===== DATASET EXCERPT

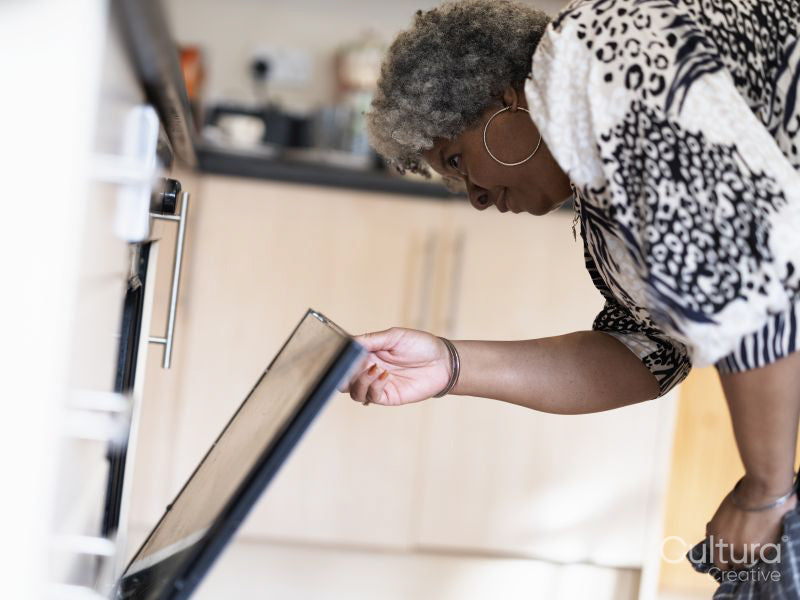 Mature woman opening oven door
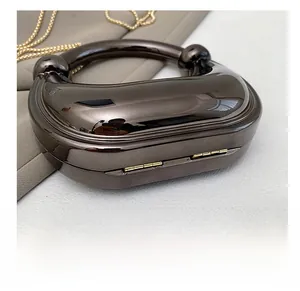 Detail shot of the durable metal bottom and elegant gold chain strap on the evening bag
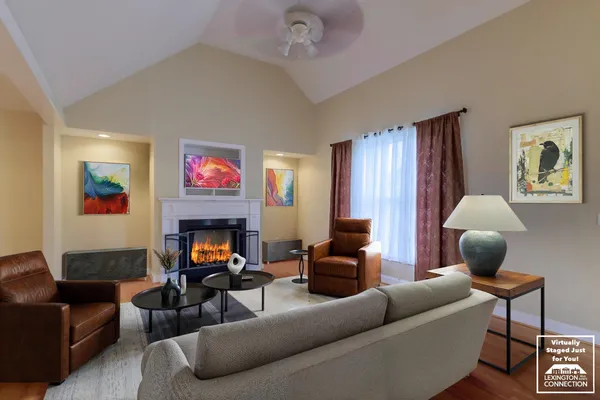 a view of an empty room with a fireplace and a window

==========

Restate the data above word for word, so that the only difference is the missing pictures.

### RESULT BELOW
 Mature woman opening oven door
 Detail shot of the durable metal bottom and elegant gold chain strap on the evening bag
 a view of an empty room with a fireplace and a window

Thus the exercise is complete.